Abstract
The c-Jun NH2-terminal kinase (JNK) is activated during obesity. One consequence of obesity is that JNK phosphorylates the adapter protein insulin receptor substrate 1 (IRS-1) on Ser 307 and inhibits signaling by the insulin receptor. JNK can therefore cause peripheral insulin resistance during obesity and may contribute to the development of type 2 diabetes. Here we report that the JNK-interacting protein 1 (JIP1) scaffold protein, which binds components of the JNK signaling module, is essential for JNK activation in the adipose tissue of obese mice.
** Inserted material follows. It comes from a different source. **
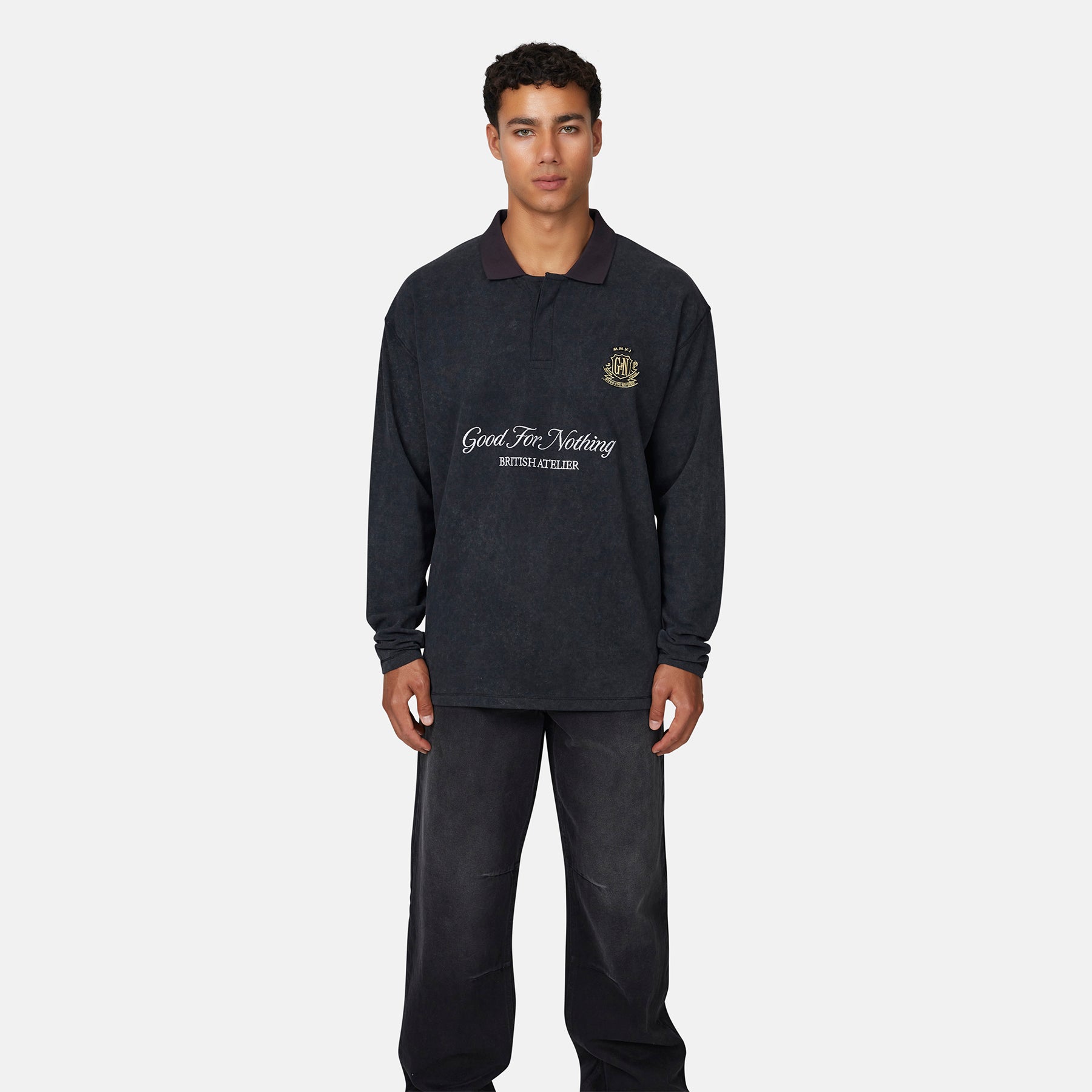 Vintage Crest Washed Black Polo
These data identify JIP1 as a novel molecular target for therapeutic intervention in the development of obesity.
Keywords: JIP1, JNK, insulin, IRS-1, obesity, diabetes
The prevalence of obesity and diabetes in the USA has increased dramatically in recent years, with almost 20% of adults classified as obese and >7% having type 2 diabetes (Mokdad et al. 2001). The molecular mechanisms by which obesity leads to peripheral insulin resistance, impaired pancreatic β-cell function, and, eventually, diabetes are poorly understood. Recent studies, particularly those of mice deficient for key signal transduction molecules, are beginning to provide insight and potential models for studying the role of obesity in the development of type 2 diabetes. Such studies have implicated the c-Jun NH2-terminal kinase (JNK) signaling pathway in diabetes (Bennett et al. 2003; Manning and Davis 2003). JNK can inhibit insulin signaling by phosphorylating the adapter protein insulin receptor substrate 1 (IRS-1) on Ser 307 (Aguirre et al. 2000, 2002; Lee et al. 2003) and is strongly activated by inflammatory cytokines and free fatty acids—molecules that can contribute to the development of type 2 diabetes (Boden 1997; Uysal et al. 1997). Furthermore, Jnk1-/- mice exhibit decreased adiposity, significantly improved insulin sensitivity, and enhanced insulin receptor signaling capacity (Hirosumi et al. 2002).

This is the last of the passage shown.